Schultz: What about paper mail?

Kimmel: More mail was delivered last year than ever before and we found that for many new-economy companies the best way to get response in the most cost-effective way was through direct mail because there aren’t that many opt-in e-mail lists. The response rate is just not the same online vis-à-vis offline. Only half of the population is online so direct mail is an important solution. However, on a long-term basis, it’s not a solution because postage is going up, printing is going up and all those kinds of things.

Schultz: Are budgets shifting?

Kimmel: Many companies last year were heavily steeped in acquisition. They felt it was certainly necessary to get into the game. There’s only so much money that most companies are willing to allocate from a budgetary perspective. Any old-economy company last year felt that they needed to be playing in the new space, so some of those dollars were redirected to that — they felt they were dead in the water if they didn’t have an online offering. So some of those dollars were shifted away from customer communications to attempt to acquire customers online. In financial services, not our client Chase but lots of other financial institutions were wild in terms of the deals they cut online to acquire customers.

They spent tons of dollars attempting to do that, diverting them from distant customer communications. Now a couple of those financial institutions are hurting big time in terms of their earnings report and their investments. Online acquisition was foolhardy.

We’re proud of what our client Chase did, being far more resistant. Some people were questioning how big of a commitment they had to online, and they were prudent and appropriate. We are helping them become more closely aligned with their customers across multiple channels. They’re making a concerted effort such that you are better served and appreciated through all channels and all communications touch points. I think they’re doing a good job.

Schultz: Are you making changes in how you charge for your services?

Kimmel: We’re trying to do more of our relationships predicated on percentage of our revenue for performance. There are circumstances where we have engaged in a total pay-for-performance. There’s no cost for any of our services. Now, it needs to be a situation where we’re steeped in information. But in certain circumstances with existing clients when we’re steeped in information, we will be willing to say hey, you have limited marketing dollars, we’ll go ahead and do an initiative for you and invest our money, our labor and share of profits. The vast majority of arrangements are a combination of pay for labor and then we’ll participate in performance because we have confidence in our ability to produce.

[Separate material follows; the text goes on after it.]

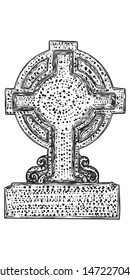 Old marble stone Christ cross hand drawing. Sketch symbol of Jesus, death, cemetery, Christianity, religion, faith and resurrection. Drawn isolated illustration on white background. Vector.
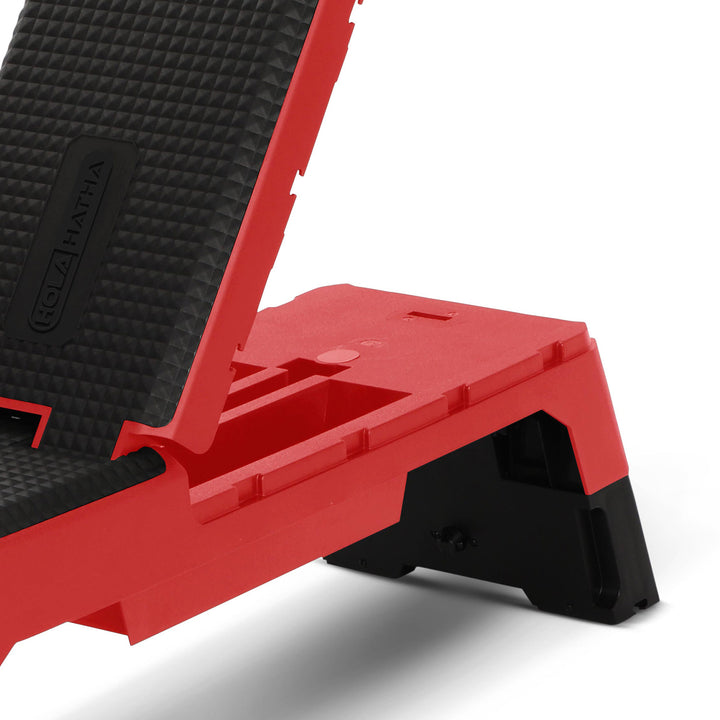 HolaHatha Multifunctional Fitness Aerobic Deck with Storage Compartment, Red - VMInnovations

Schultz: What do you think of DR creative these days? I see a lot of DRTV spots that look more like brand advertising.

Kimmel: Some of direct advertising these days is done by people who are not really direct marketers and it tends to be more of a hybrid. And many advertisers don’t really track the work. They think if there’s an 800 number on it, it’s direct communications. Many of the people who were trained in direct are more mature these days. There’s a generation that hasn’t done all the testing and all the work that a great direct marketer certainly needs to do.

Some people think they’re dealing direct, but it’s not being tracked on the back end so they don’t know how good it could be. What we want to be able to do is provide meaningful branded communications that offer the same kind of return on investment that traditional direct does. That becomes the challenge. We don’t want to do Judy wraps if a communication in a TV commercial can have a branded message and provide the same return on investment. We have seen circumstances where that’s the case. We want to do branding and sell something at the same time. I think that’s the new platform by which great direct marketing needs to be evaluated.